(Task item)
Within the records below, repeat each line exactly but keep every picture out of the copy.

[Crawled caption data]
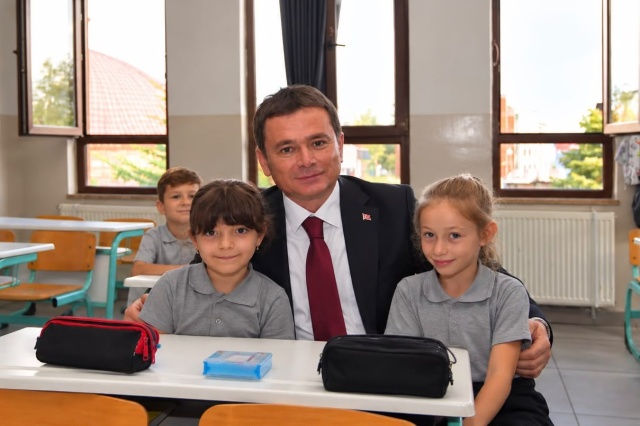Başkan Aydın Öğrencilerin İlk Gün Heyecanını Paylaştı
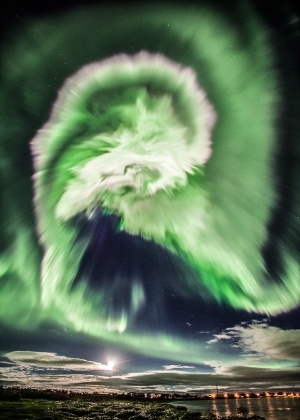 Fundo Luzes Noturnas Polares Na Noruega Fundo, Foto Da Aurora Boreal, Aurora  Boreal, Aurora Imagem de plano de fundo para download gratuito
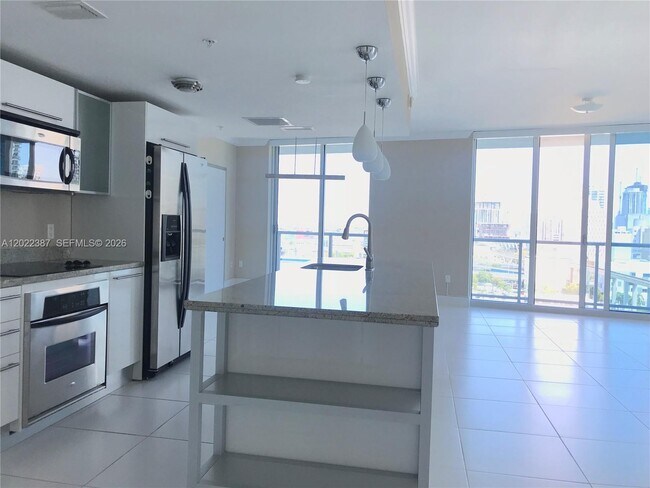 Photo - 185 SW 7th St Unit 1611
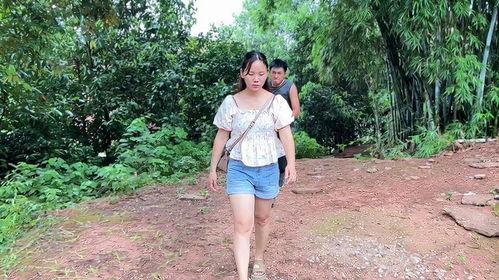 康县美女吃瓜事件视频,网络热议背后的真相揭秘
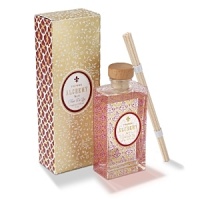 This beautiful bottle is a feast for the senses. Fragrant and alluring, it creates a calming, fresh ambiance. This beautiful bottle is a feast for the senses. Fragrant and alluring, it creates a calming, fresh ambiance.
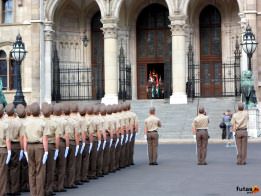 magyar katonák a Kossuth téren az állami ünnepség próbáján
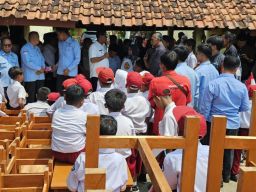 Pemkab dan Baznas Majalengka Salurkan Bantuan Meubelair ke SDN Trajaya III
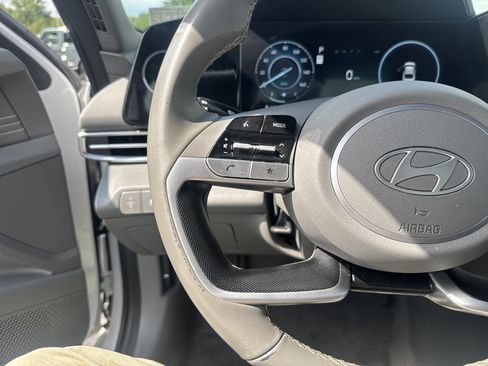 Used 2025 Hyundai Elantra SEL FWD image 18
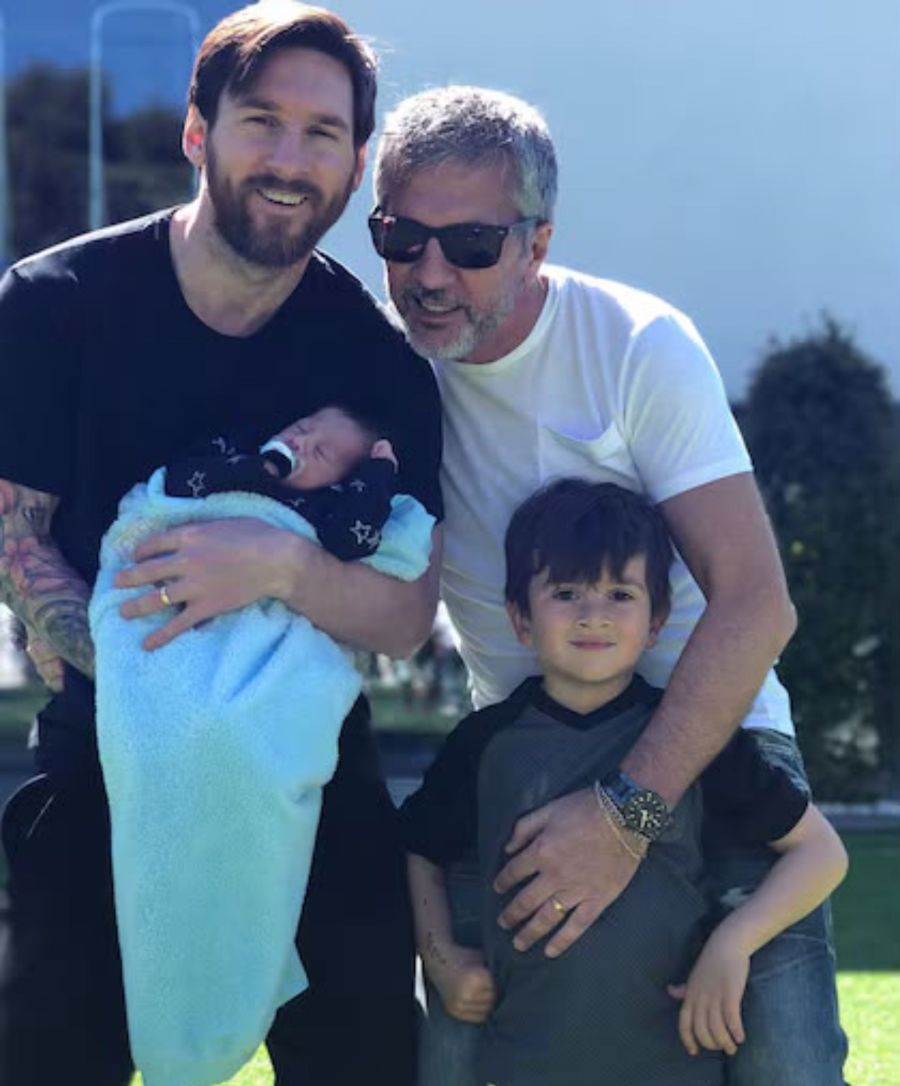 Jorge Messi y sus nietos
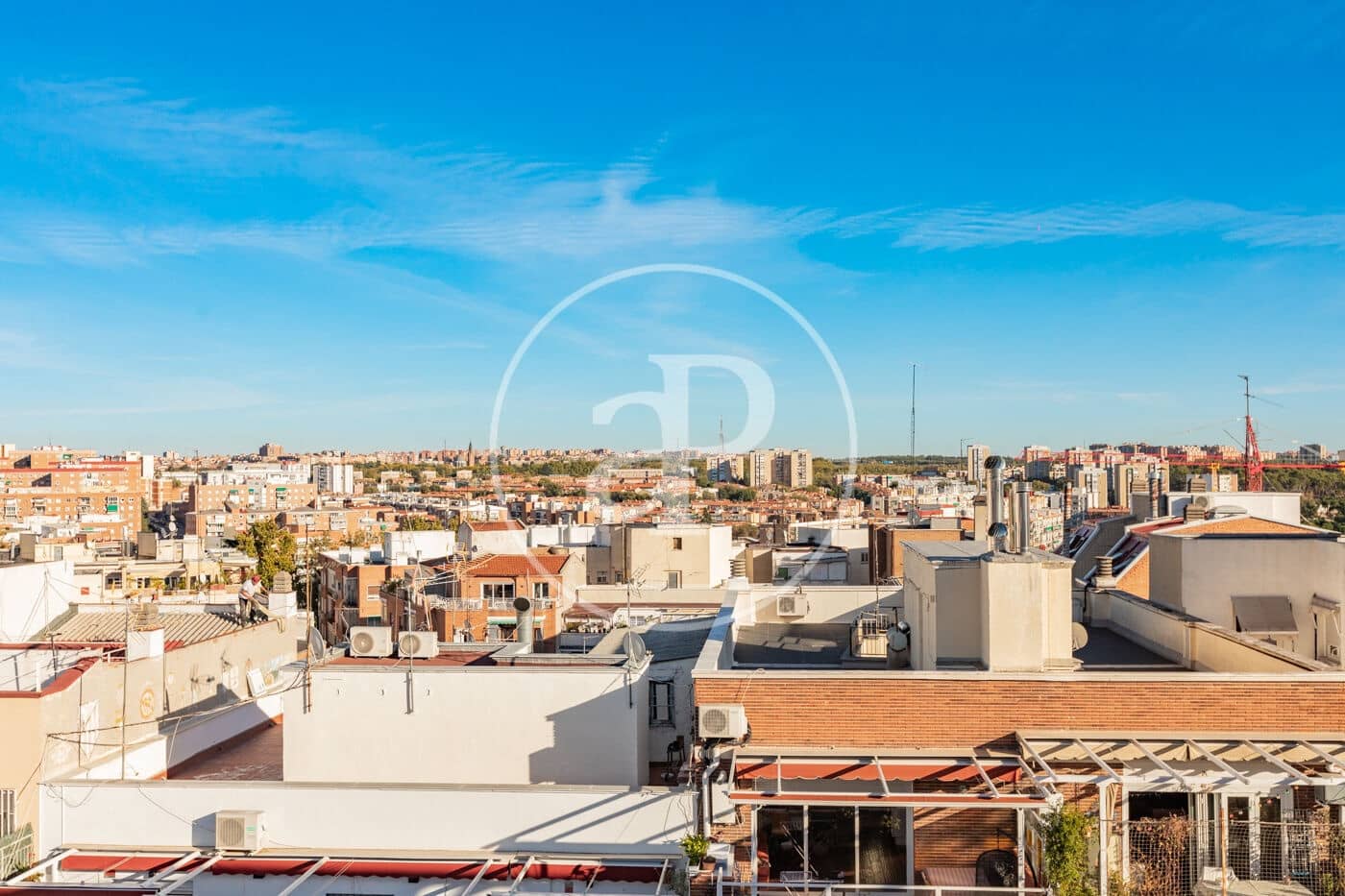 2 quarto Apartamento para arrendar em Madrid cidade com piscina - 2 400 € (Ref: 10180525)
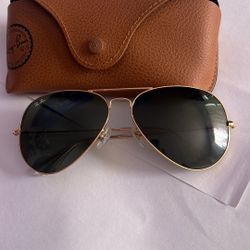 Ray-Ban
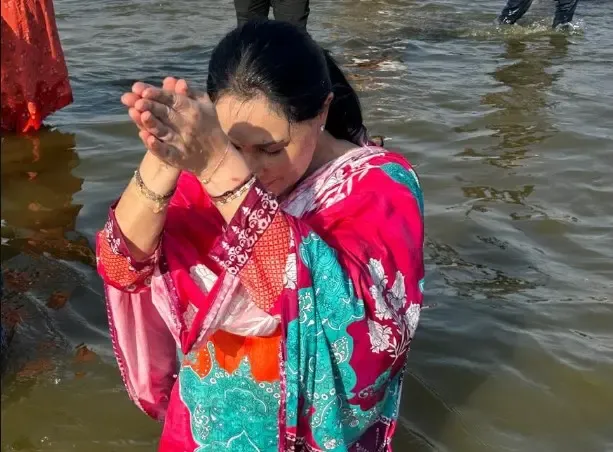 Rajasthan's Deputy CM Diya Kumari Dips in Holy Triveni Sangam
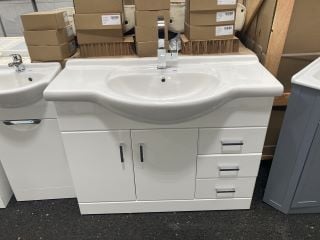 (COLLECTION ONLY) FLOOR STANDING 2 DOOR 3 DRAWER SEMI RECESSED SINK UNIT IN WHITE WITH A 1050 X 510MM 1TH CERAMIC BASIN COMPLETE WITH A MONO BASIN MIXER TAP & CHROME SPRUNG WASTE - RRP £995: LOCATION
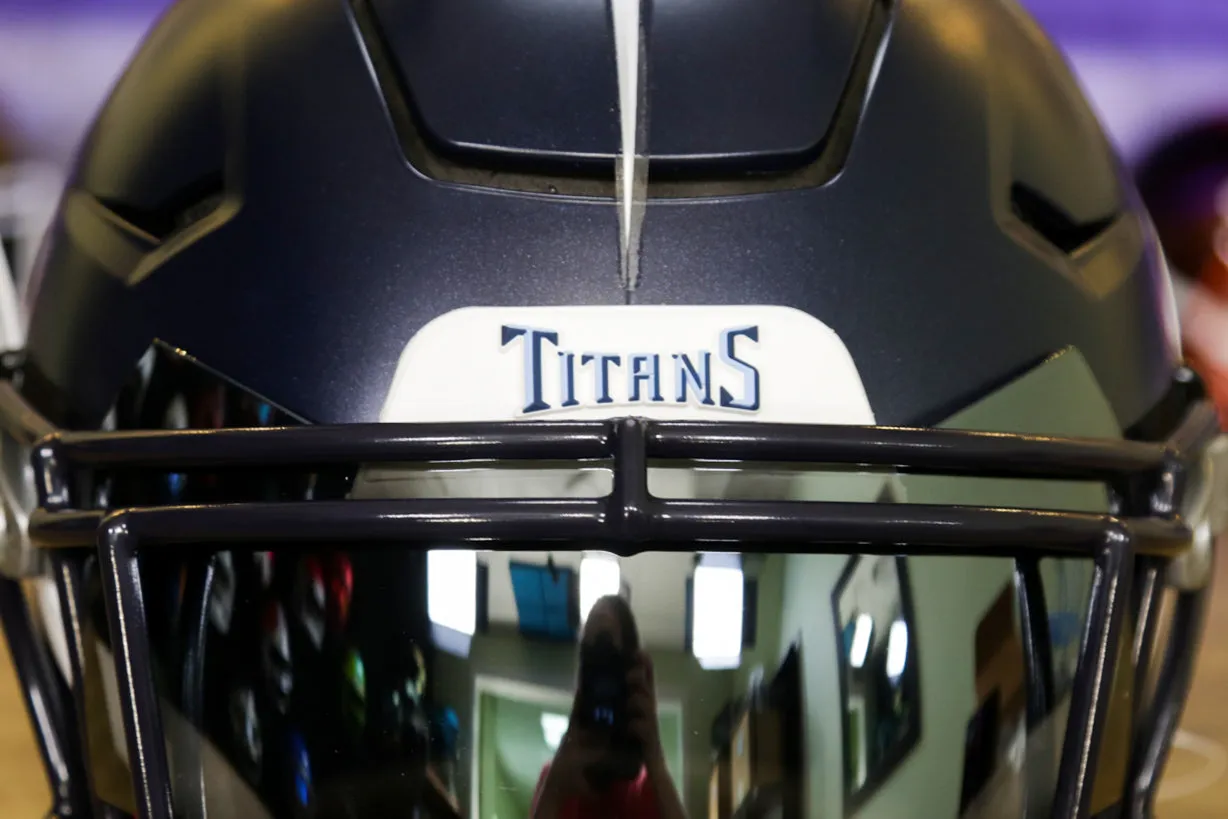Tennessee Titans Riddell SpeedFlex Helmet - GG Edition 00061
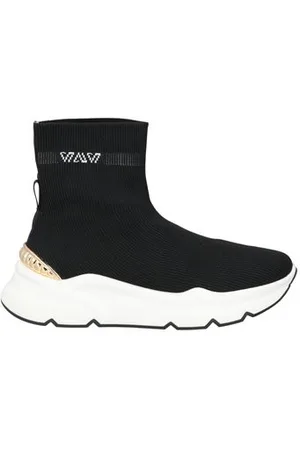 Emanuélle vee FOOTWEAR - Trainers - on YOOX.com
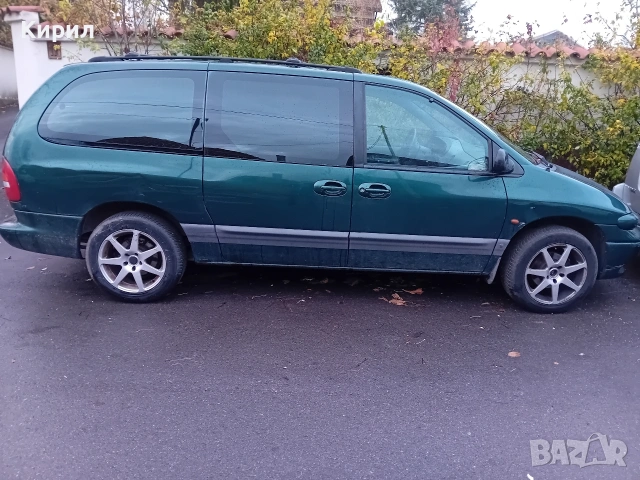 Крайслер вояджер 3.3 бензин, автоматик, снимка 12 - Автомобили и джипове - 53921821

(Exercise response)
Başkan Aydın Öğrencilerin İlk Gün Heyecanını Paylaştı
 Fundo Luzes Noturnas Polares Na Noruega Fundo, Foto Da Aurora Boreal, Aurora  Boreal, Aurora Imagem de plano de fundo para download gratuito
 Photo - 185 SW 7th St Unit 1611
 康县美女吃瓜事件视频,网络热议背后的真相揭秘
 This beautiful bottle is a feast for the senses. Fragrant and alluring, it creates a calming, fresh ambiance. This beautiful bottle is a feast for the senses. Fragrant and alluring, it creates a calming, fresh ambiance.
 magyar katonák a Kossuth téren az állami ünnepség próbáján
 Pemkab dan Baznas Majalengka Salurkan Bantuan Meubelair ke SDN Trajaya III
 Used 2025 Hyundai Elantra SEL FWD image 18
 Jorge Messi y sus nietos
 2 quarto Apartamento para arrendar em Madrid cidade com piscina - 2 400 € (Ref: 10180525)
 Ray-Ban
 Rajasthan's Deputy CM Diya Kumari Dips in Holy Triveni Sangam
 (COLLECTION ONLY) FLOOR STANDING 2 DOOR 3 DRAWER SEMI RECESSED SINK UNIT IN WHITE WITH A 1050 X 510MM 1TH CERAMIC BASIN COMPLETE WITH A MONO BASIN MIXER TAP & CHROME SPRUNG WASTE - RRP £995: LOCATION
Tennessee Titans Riddell SpeedFlex Helmet - GG Edition 00061
 Emanuélle vee FOOTWEAR - Trainers - on YOOX.com
 Крайслер вояджер 3.3 бензин, автоматик, снимка 12 - Автомобили и джипове - 53921821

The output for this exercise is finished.